• **WHAT YOU ARE ASKED TO DO**
Only the lines of the listing below that run from the line with "Reaction On MF" through the line with "黑料社：揭秘社交媒体背后的黑暗世界" are to be set down, word for word. Pictures stay out.

[[ RECORDED INFORMATION, beginning ]]

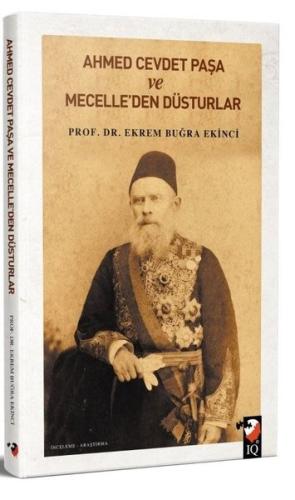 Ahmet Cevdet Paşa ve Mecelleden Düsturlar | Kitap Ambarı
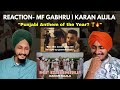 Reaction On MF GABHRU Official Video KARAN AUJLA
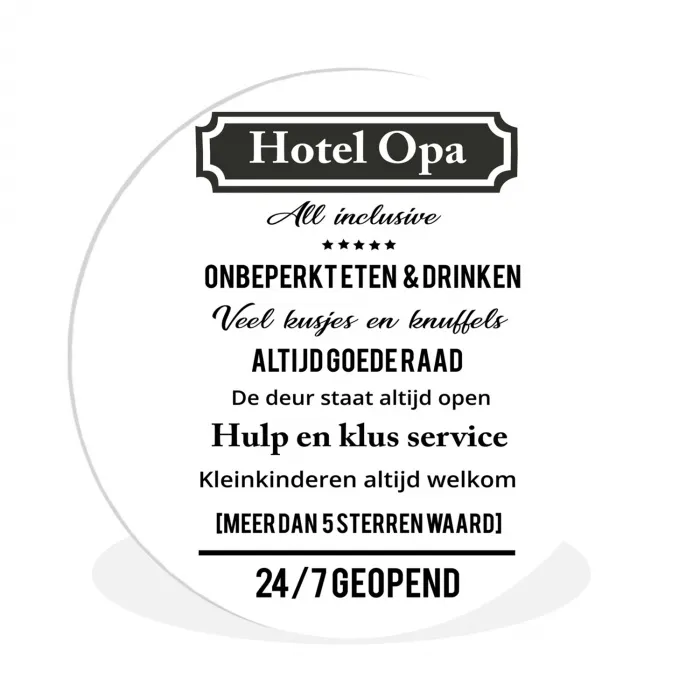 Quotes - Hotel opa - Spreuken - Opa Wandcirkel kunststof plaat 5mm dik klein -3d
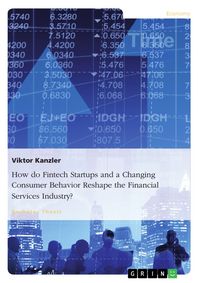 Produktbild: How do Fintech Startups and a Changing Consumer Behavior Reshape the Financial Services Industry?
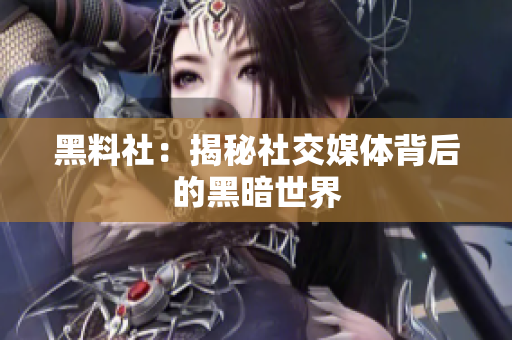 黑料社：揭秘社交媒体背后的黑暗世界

[[ RECORDED INFORMATION, end ]]
[[ RECORDED INFORMATION, beginning ]]

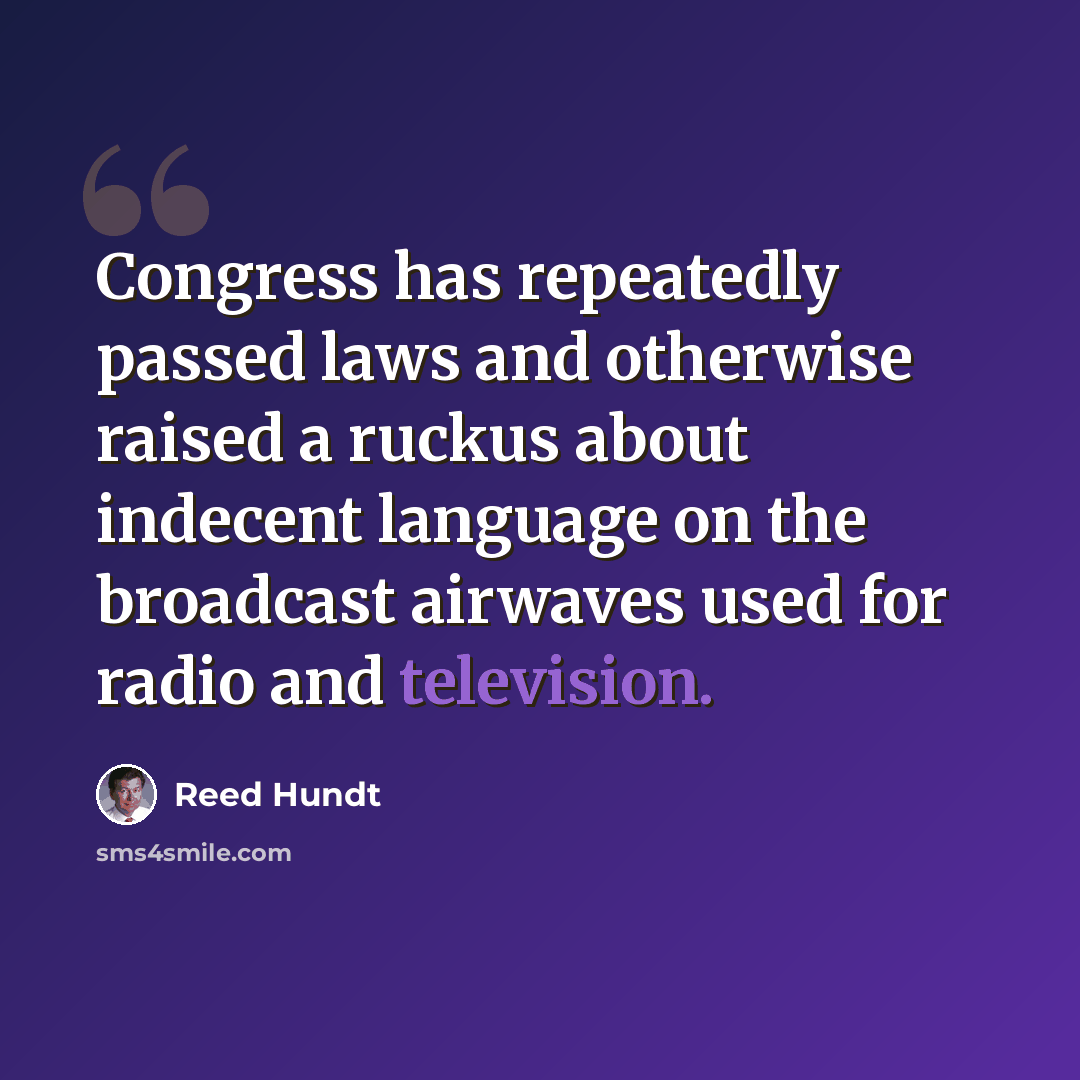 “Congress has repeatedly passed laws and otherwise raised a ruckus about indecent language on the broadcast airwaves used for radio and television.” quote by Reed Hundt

[[ RECORDED INFORMATION, end ]]

• **ANSWER SECTION**
 Reaction On MF GABHRU Official Video KARAN AUJLA
 Quotes - Hotel opa - Spreuken - Opa Wandcirkel kunststof plaat 5mm dik klein -3d
 Produktbild: How do Fintech Startups and a Changing Consumer Behavior Reshape the Financial Services Industry?
 黑料社：揭秘社交媒体背后的黑暗世界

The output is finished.